## Your objective
Leaving out the images, reproduce every line of the data that follows exactly.

··· Record set

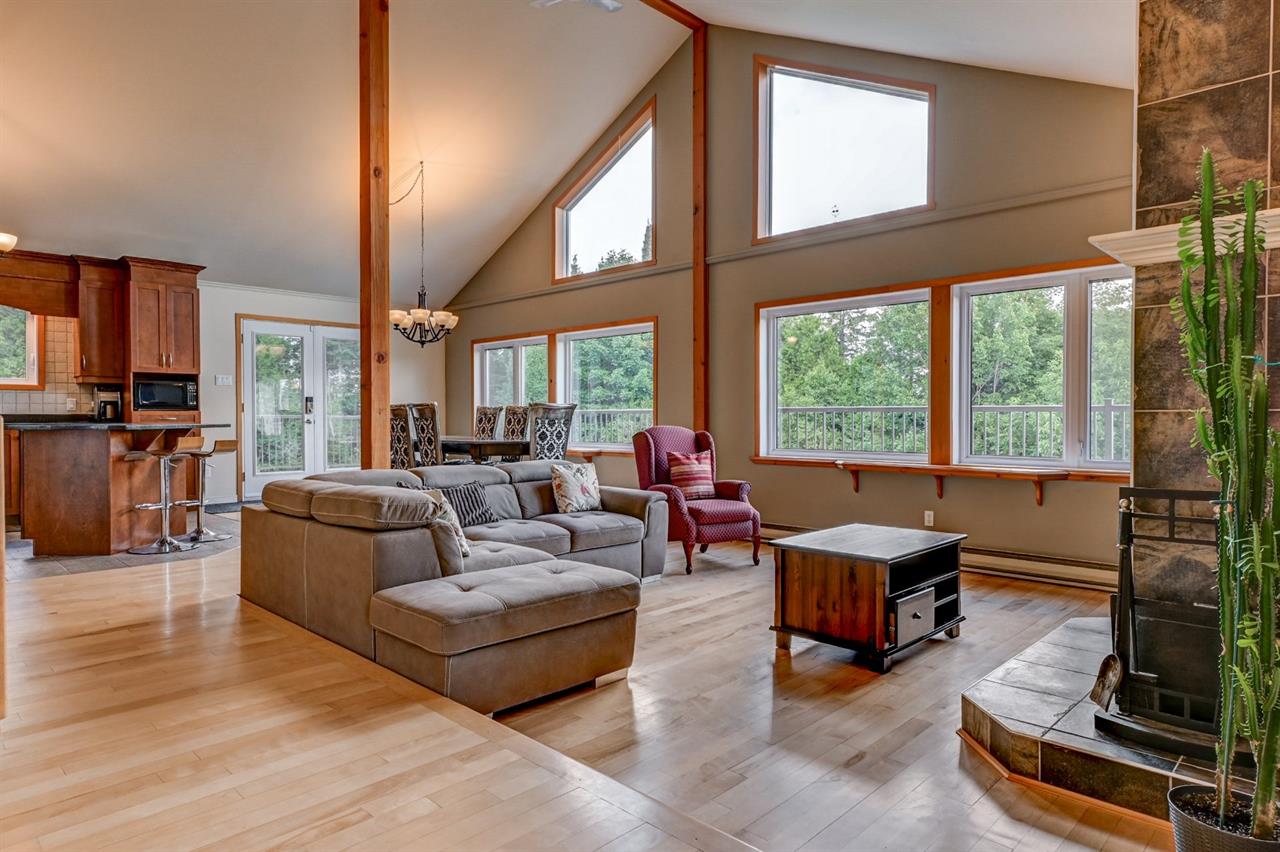 Maison à étages Saint-Sauveur À Louer | 2932048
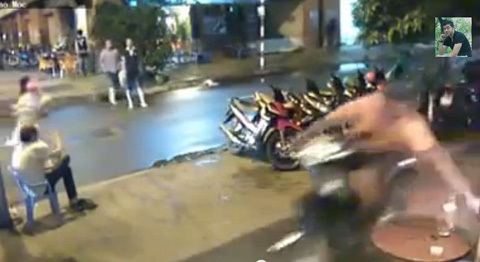 Clip cướp điện thoại siêu nhanh trên vỉa hè SG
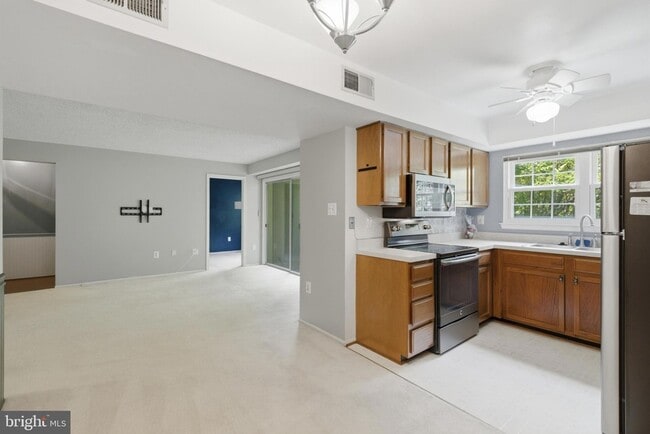 Building Photo - 7761 Inversham Dr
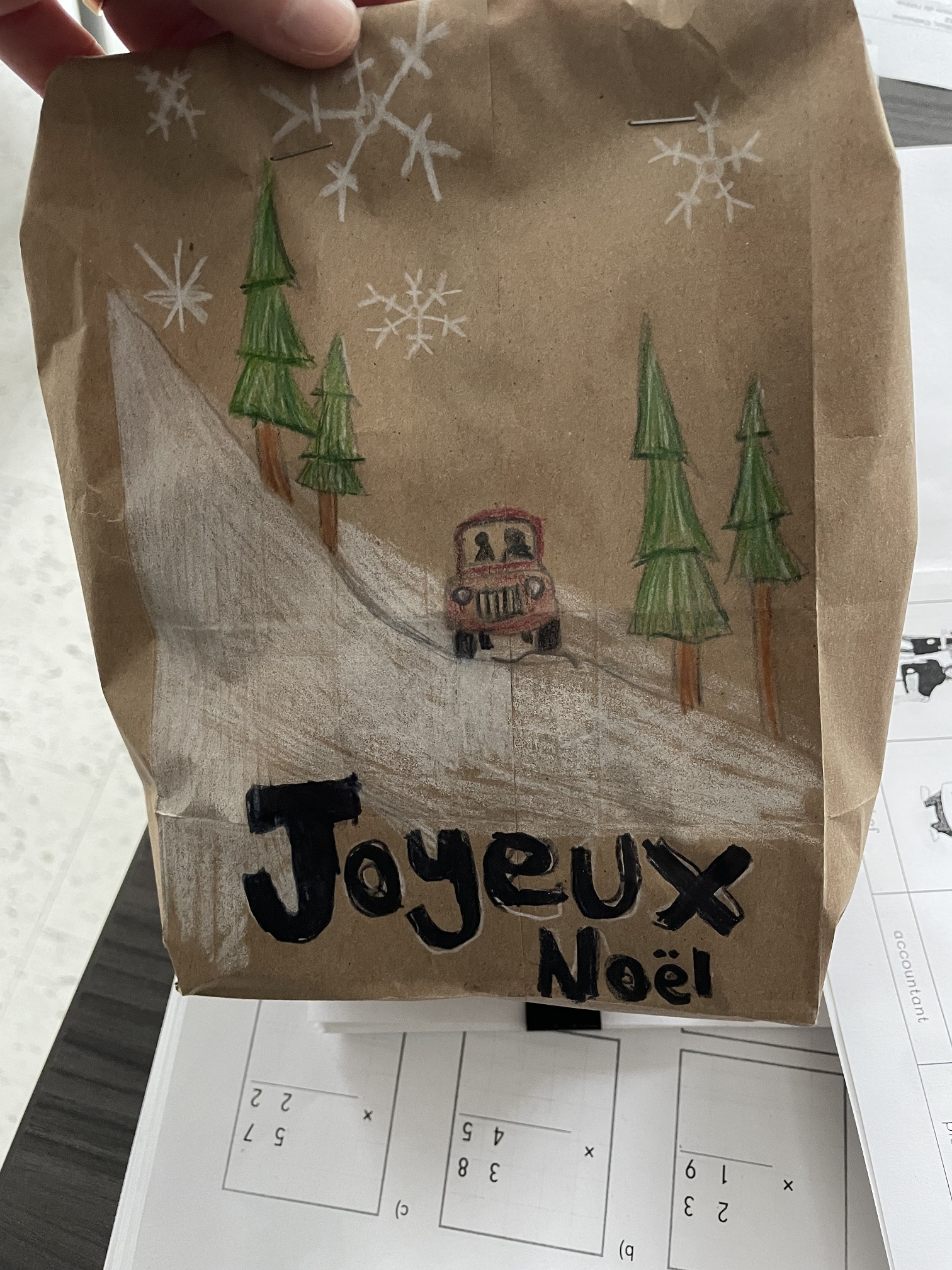 La tradition des bonbonnières se poursuit à l'écol CSSRDN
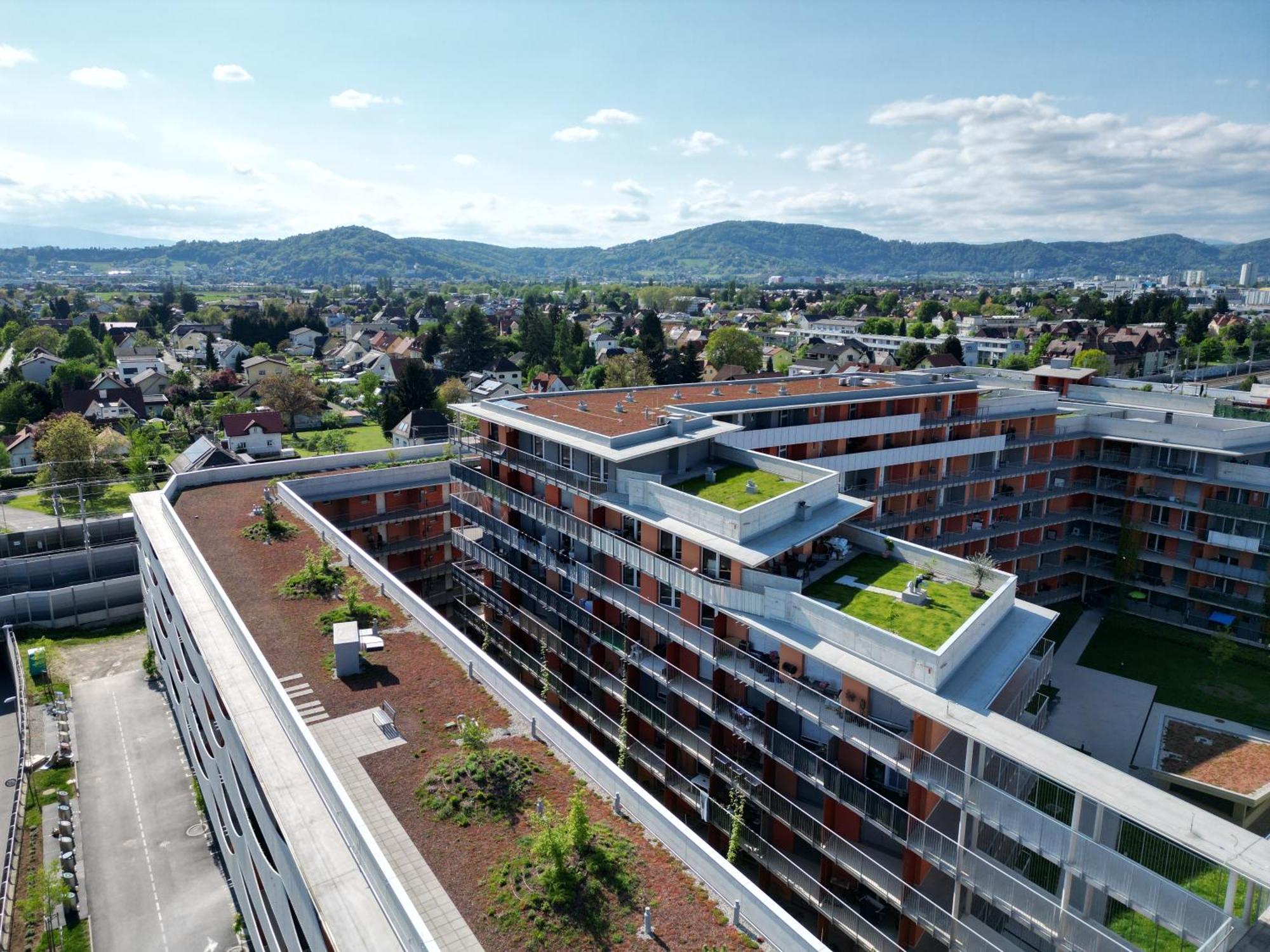 Apartamento 100 Qm Penthouse, Self-Check-In, 2 Parkplaetze Graz Exterior foto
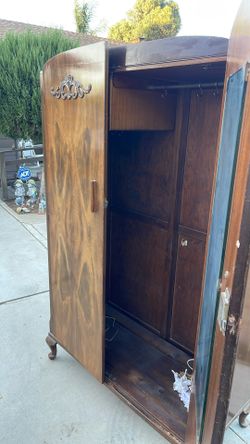 85$ Dresser Closet Vintage 
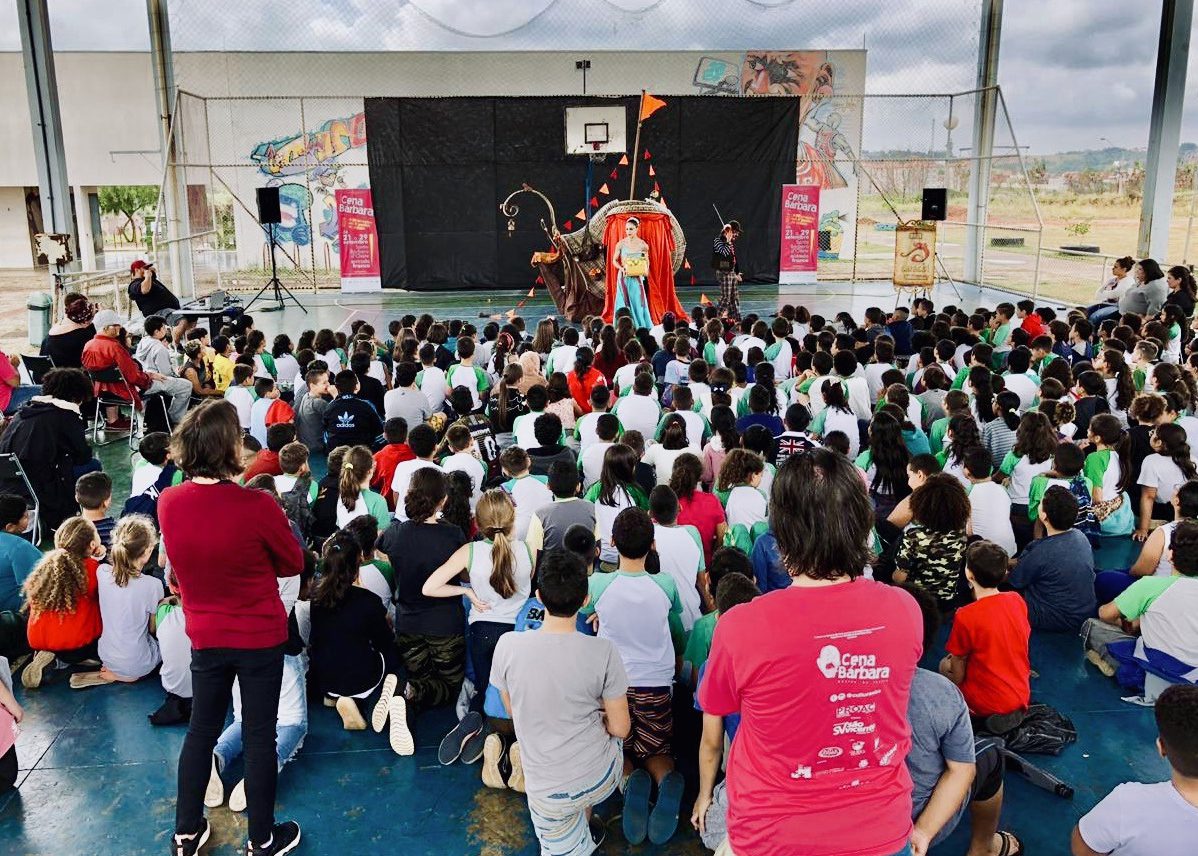 Cena Bárbara 03 - imprensa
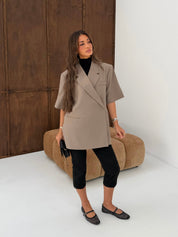 Chic short blazer | Taupe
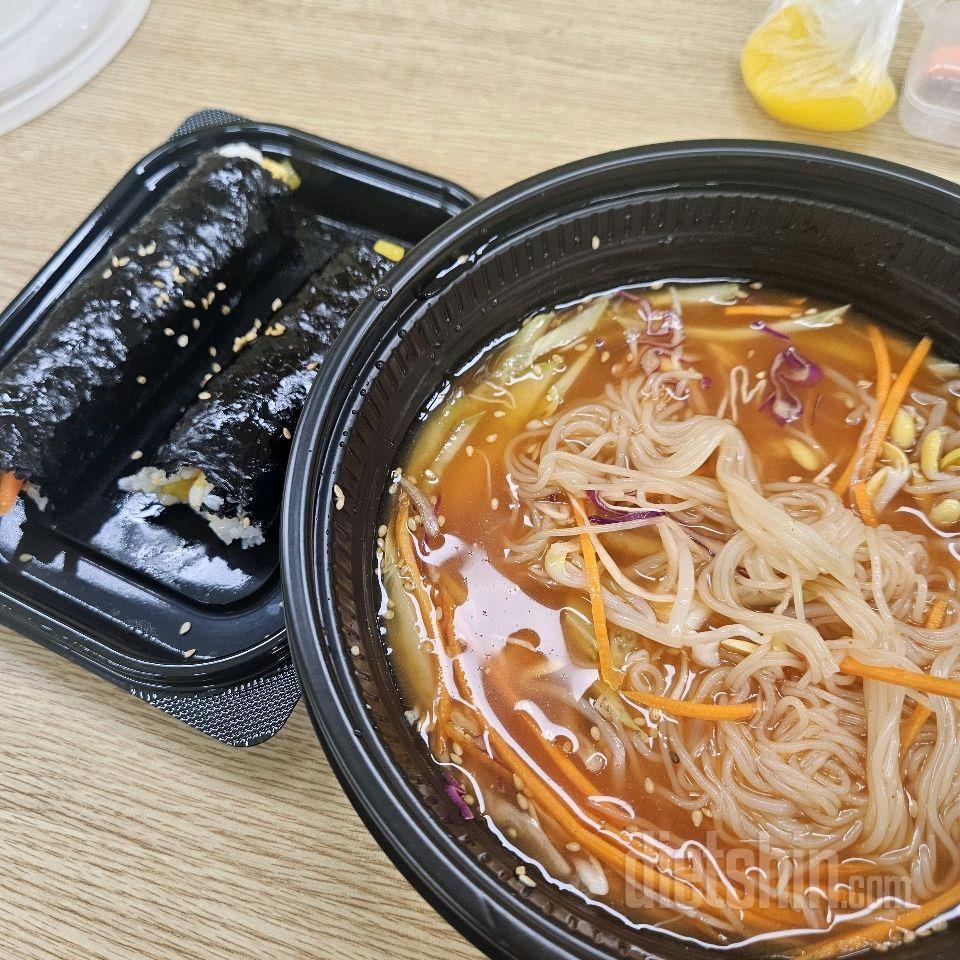 제법 맛있게 먹고 삽니다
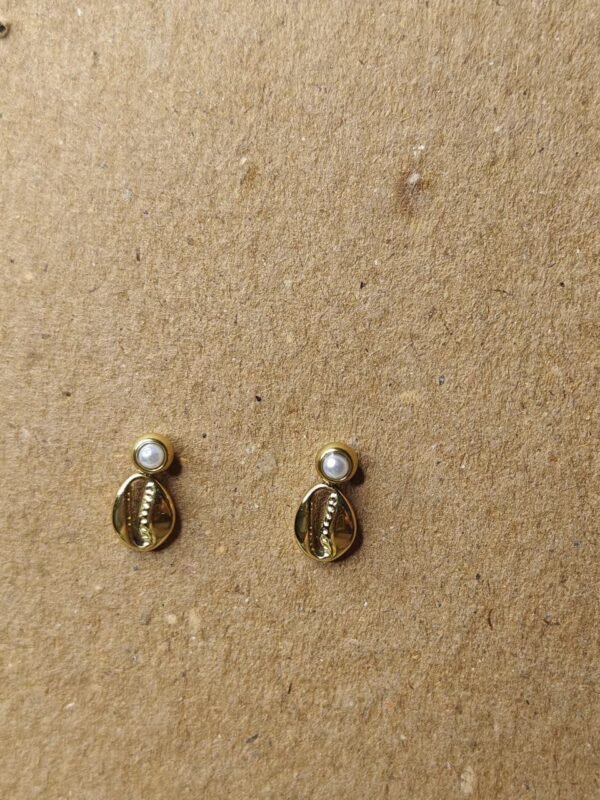 WhatsApp Image 2025-07-08 at 19.16.24 (1) Zara Pearl Cowrie Stud Earrings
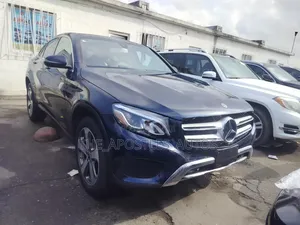Mercedes-Benz GLC-Class 2018 Blue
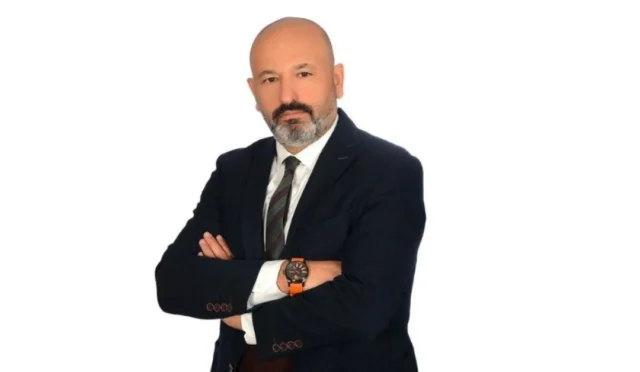 Hamza Yerlikaya'nın sporculuktan bürokrasiye uzanan yolculuğunu anlatan haber görseli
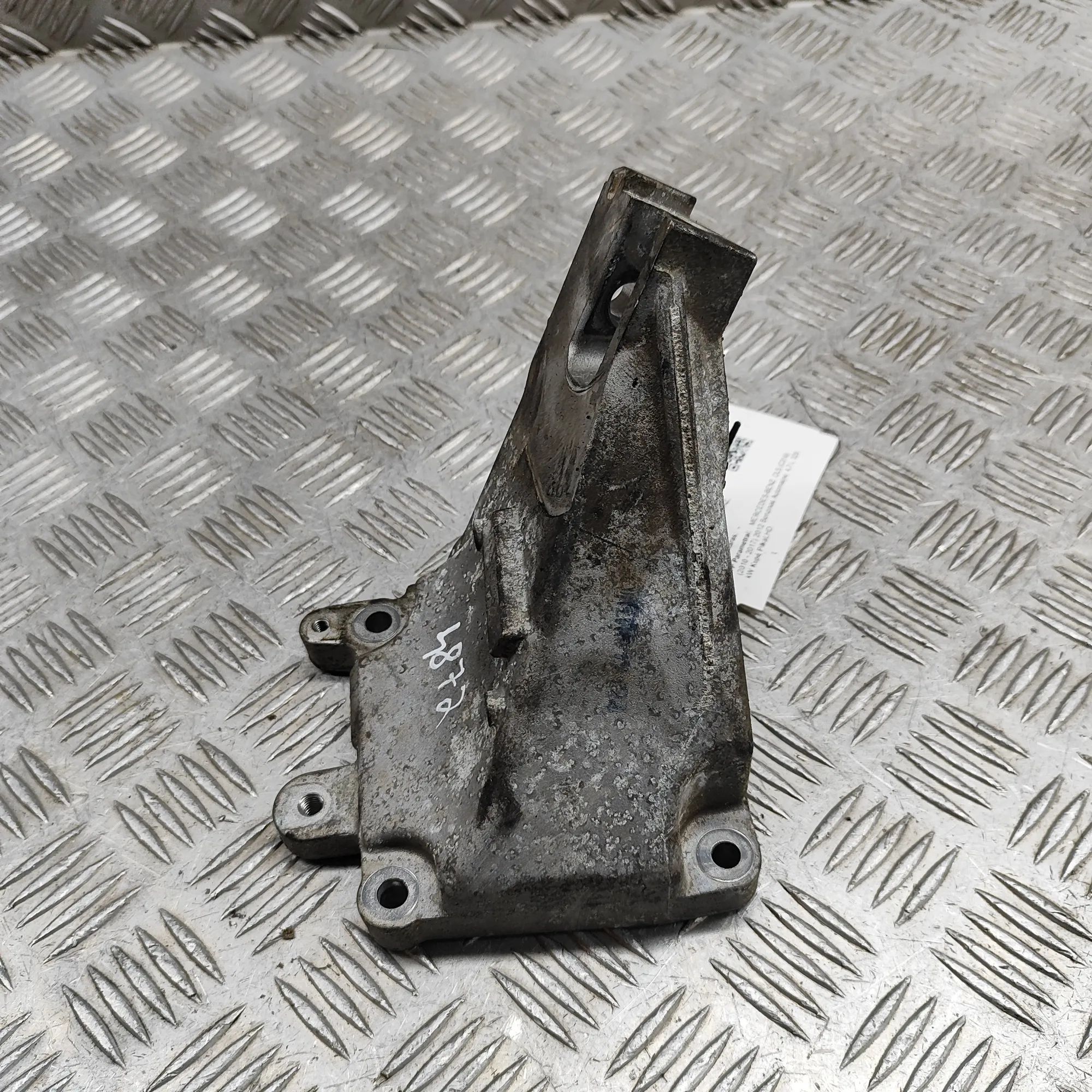 Mercedes-Benz CLS (C218) Right Side Engine Bracket Right Side Engine Bracket — MERCEDES BENZ CLS (...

······

## Result of the task
 Maison à étages Saint-Sauveur À Louer | 2932048
 Clip cướp điện thoại siêu nhanh trên vỉa hè SG
 Building Photo - 7761 Inversham Dr
 La tradition des bonbonnières se poursuit à l'écol CSSRDN
 Apartamento 100 Qm Penthouse, Self-Check-In, 2 Parkplaetze Graz Exterior foto
 85$ Dresser Closet Vintage 
 Cena Bárbara 03 - imprensa
 Chic short blazer | Taupe
 제법 맛있게 먹고 삽니다
 WhatsApp Image 2025-07-08 at 19.16.24 (1) Zara Pearl Cowrie Stud Earrings
Mercedes-Benz GLC-Class 2018 Blue
 Hamza Yerlikaya'nın sporculuktan bürokrasiye uzanan yolculuğunu anlatan haber görseli
 Mercedes-Benz CLS (C218) Right Side Engine Bracket Right Side Engine Bracket — MERCEDES BENZ CLS (...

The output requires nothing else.